Patients’ requests for their own records comprise the vast majority of record queries. Aside from the reasons already listed, patients ask for records when they’re leaving your practice, when they’re relocating for the winter or summer, when they need to share records with other providers, or when they want to add data to their personal health records.
Sometimes, patients ask doctors not to put certain facts in their medical record, or not to release particular records. They might do this because of the sensitive nature of the information, or because they’re afraid their employer might see it (which is not an inconsequential concern, as we’ve seen). Some patients are worried that they might not be able to get insurance because of something in their record.

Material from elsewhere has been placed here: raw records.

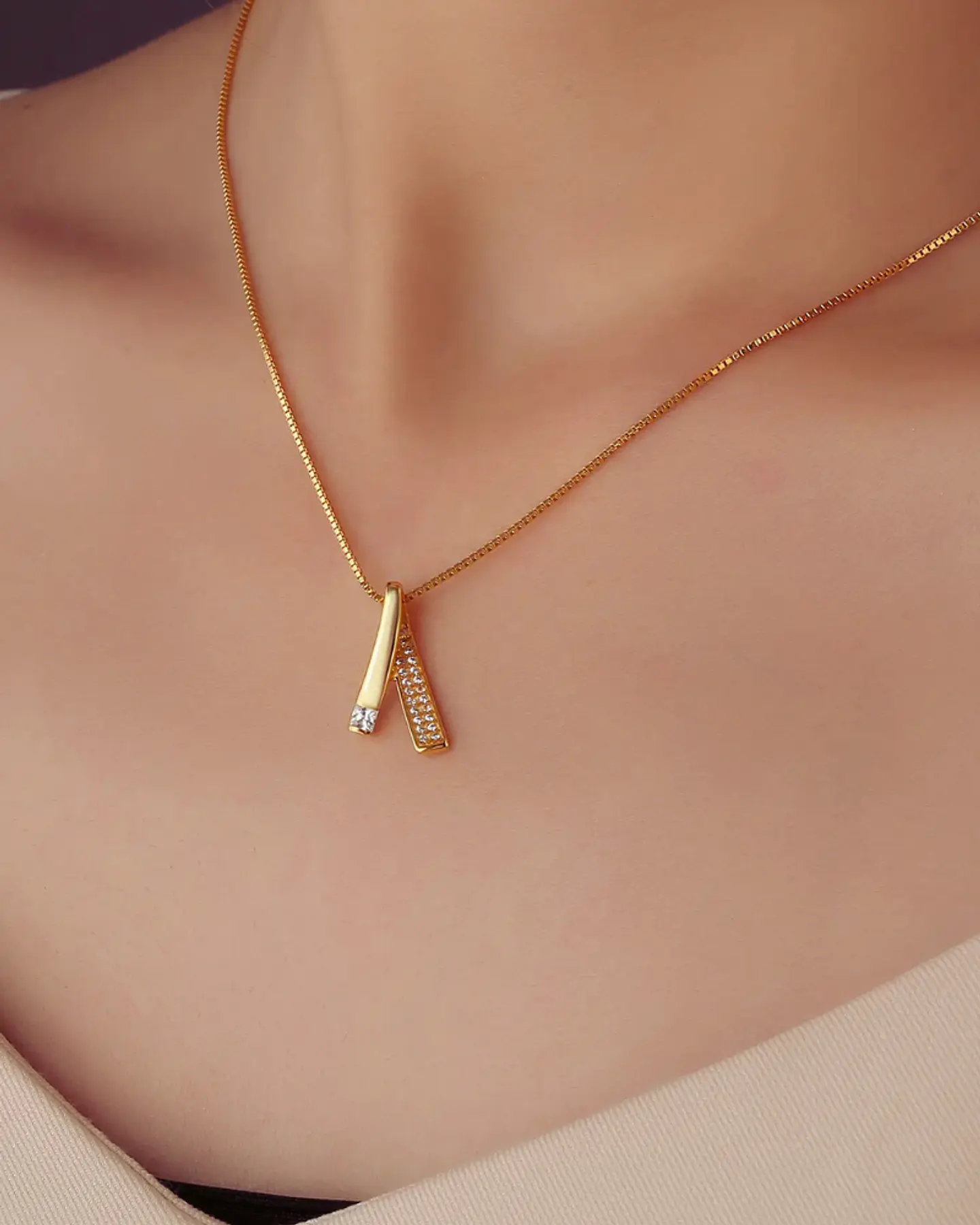 Collar Balance 3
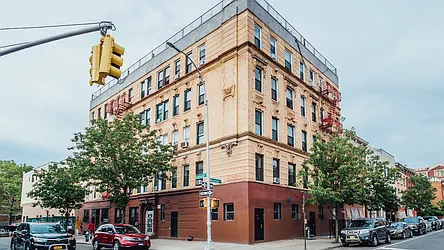 Rented by Nooklyn NYC LLC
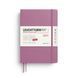 Щоденник Leuchtturm1917 Medium (A5) 2027 Dusty Rose 400325 фото 1
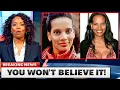 Remember Lisa McDowell From Coming To America DON T Gasp When You See Her Today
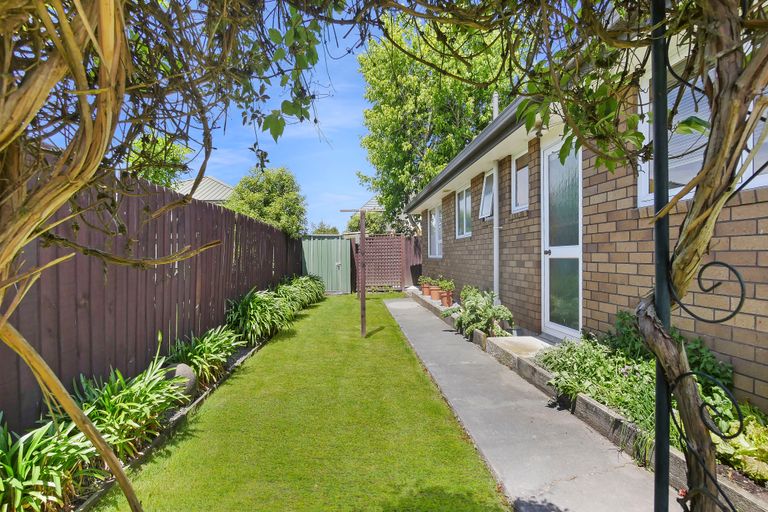 Photo of property in 41b Rickton Place, Rangiora, 7400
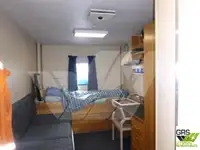 Apsekošanas kuģis pārdošanā
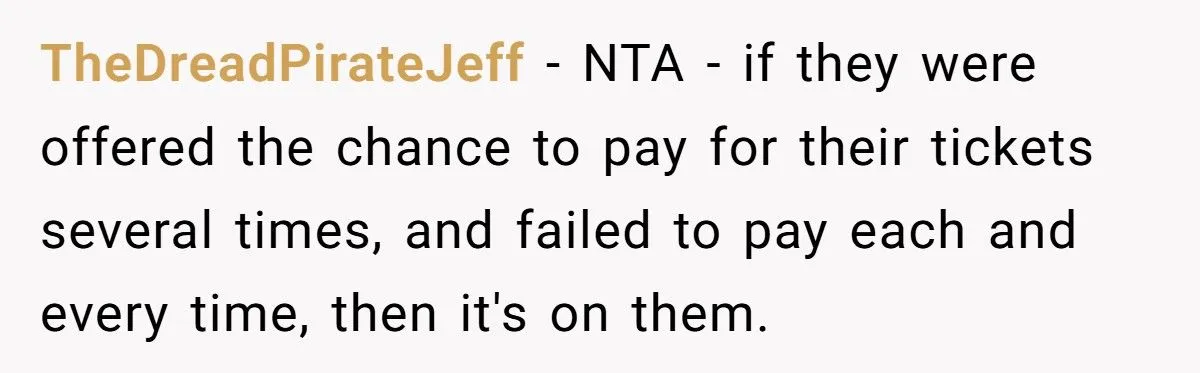 Friendship Ends Over Unpaid Concert Tickets - Sisters Step In to Save the Day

Of course, you can’t exclude a pertinent medical fact from the patient’s record. To do so would expose you to liability if another physician made a medical decision based on that record without knowing about the omission, says DeLoss. Also, as internist Ken Kubitschek observes, it’s hard to treat a patient without documenting everything relevant to the patient’s condition.
Still, not everything that a patient tells you has to go in the record, Kubitschek adds, especially if the information is not clinical in nature. In his own EMR, he says, he has the equivalent of “sticky notes” that he uses to remind himself of certain facts about patients. If a patient tells him about a marital problem, for example, he can write that on a sticky note without including it in the permanent medical record.
Family physician Frank Belsito takes a slightly different approach. Everything that’s medically relevant goes in the record, he says, but he honors patients’ written requests not to release certain information. Attorney Margaret Davino thinks that’s a good idea, but notes that outside parties’ consent forms might not allow such selectivity.
Now, not later
No matter what kind of record request your office is dealing with, what will usually keep you out of trouble is preparation. As consultant Cindy Dunn points out, staff training and written policies are essential. That said, make sure your staff doesn’t err on the side of too much caution either: “Practices are truly paranoid about HIPAA,” Dunn notes, adding that better staff and patient education about the privacy statute could prevent a lot of problems.
So what’s the take-home? Record requests are not a big threat to your practice, but their importance shouldn’t be minimized either. Be prepared, and you’ll be all right.